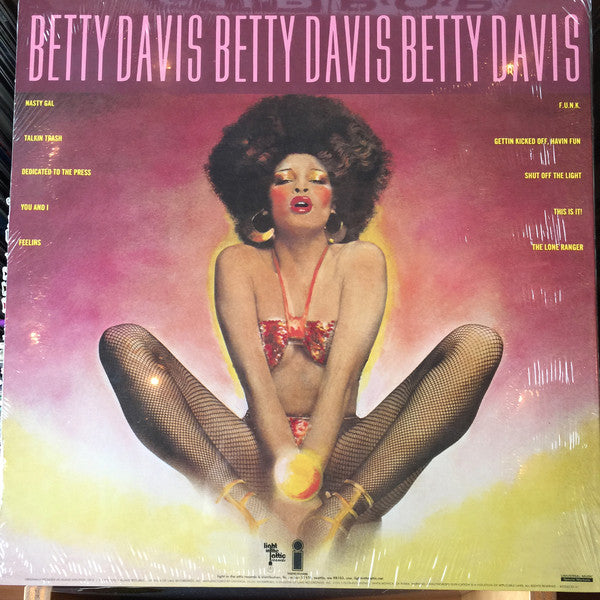 Betty Davis ‎– Nasty Gal (1975) - New LP Record 2021 Light In The Attic USA Pink Vinyl - Soul / Funk - Shuga Records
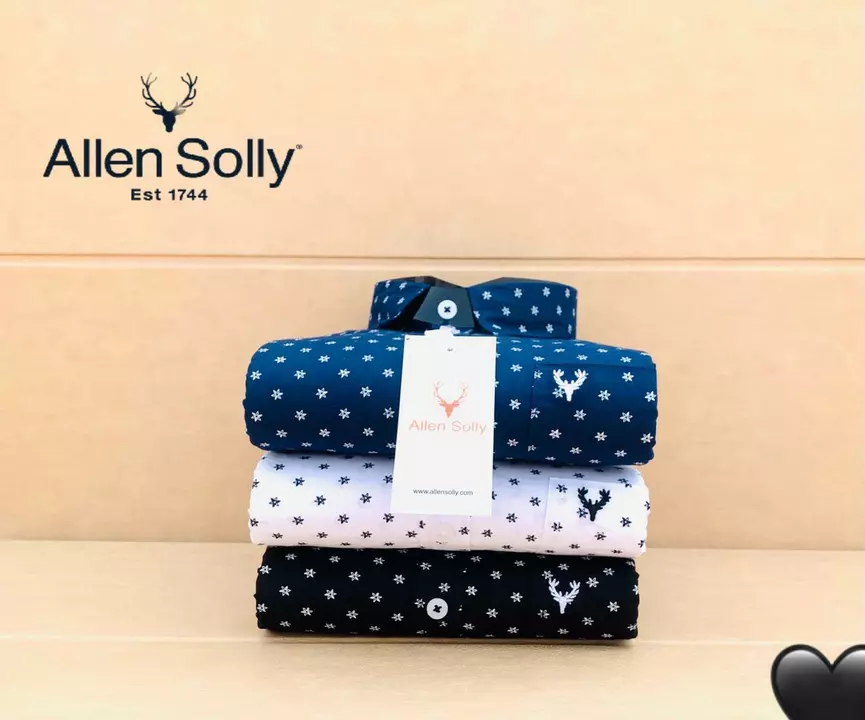 Post image 🤩🤩🤩🤩
*Brand Allen Solly *
*Prints Shirts *
*Amazing Print*
*Awesome quality*💯
*Awesome Colours *
*10A Quality-*
*_Full sleeves_*
*Size.M.L.XL.XXL*
* Setwise Also Available *
* Open Orders *
*Price 475 fs fix*
🤩🤩🤩🤩

*Setwise Also Available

◆ WHAT YOU NEED TO DO ◆
Copy every entry exactly; drop the pictures.

◆ REPLY TO THE EXERCISE ◆
 Betty Davis ‎– Nasty Gal (1975) - New LP Record 2021 Light In The Attic USA Pink Vinyl - Soul / Funk - Shuga Records
 Post image 🤩🤩🤩🤩
*Brand Allen Solly *
*Prints Shirts *
*Amazing Print*
*Awesome quality*💯
*Awesome Colours *
*10A Quality-*
*_Full sleeves_*
*Size.M.L.XL.XXL*
* Setwise Also Available *
* Open Orders *
*Price 475 fs fix*
🤩🤩🤩🤩

*Setwise Also Available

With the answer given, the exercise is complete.